(WORK TO BE COMPLETED) Your task is to transcribe all of the data below exactly, omitting the images.

-------- DATA EXCERPT

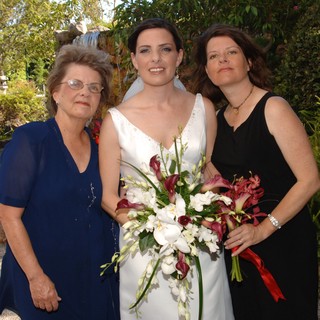 Bride Poses with Family at Garden Wedding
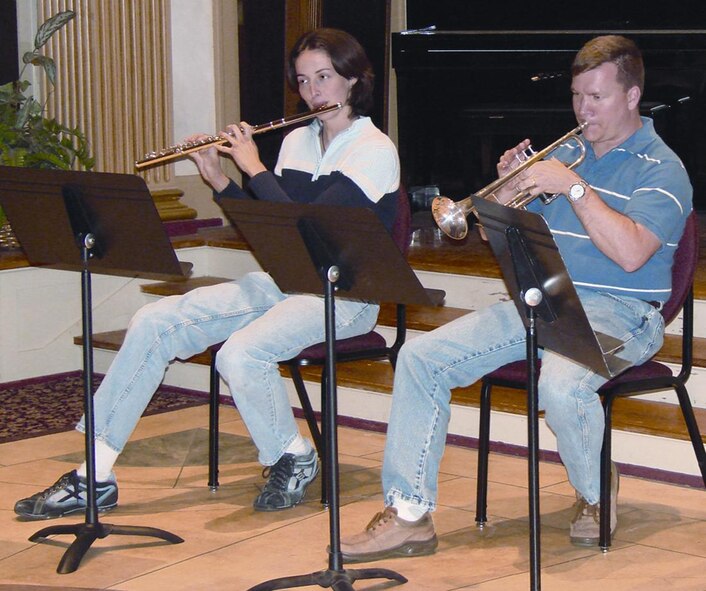 (Photo by 2nd Lt. James Justice) Cindy Jones, wife of Master Sgt. David Jones, 71st Operations Support Squadron, and Capt. Fred Deakins, 71st Operations Group, get a little rehearsal time in with the Enid Symphony Orchestra in preparation for this weekend’s series opener.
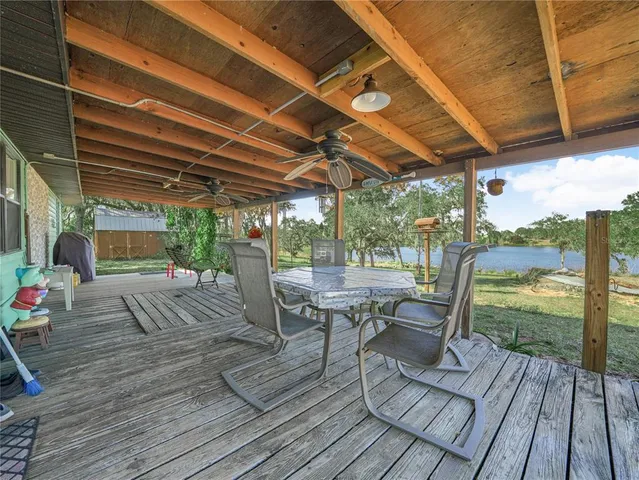 a view of a patio with table and chairs and wooden floor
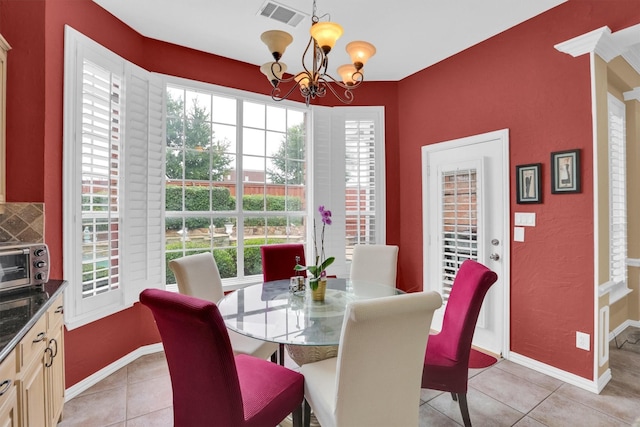 6628 Gray Wolf Dr, Plano, TX 75024 - dining room with a chandelier, light tile patterned floors, and baseboards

----------------

(WRITTEN RESPONSE)
 Bride Poses with Family at Garden Wedding
 (Photo by 2nd Lt. James Justice) Cindy Jones, wife of Master Sgt. David Jones, 71st Operations Support Squadron, and Capt. Fred Deakins, 71st Operations Group, get a little rehearsal time in with the Enid Symphony Orchestra in preparation for this weekend’s series opener.
 a view of a patio with table and chairs and wooden floor
 6628 Gray Wolf Dr, Plano, TX 75024 - dining room with a chandelier, light tile patterned floors, and baseboards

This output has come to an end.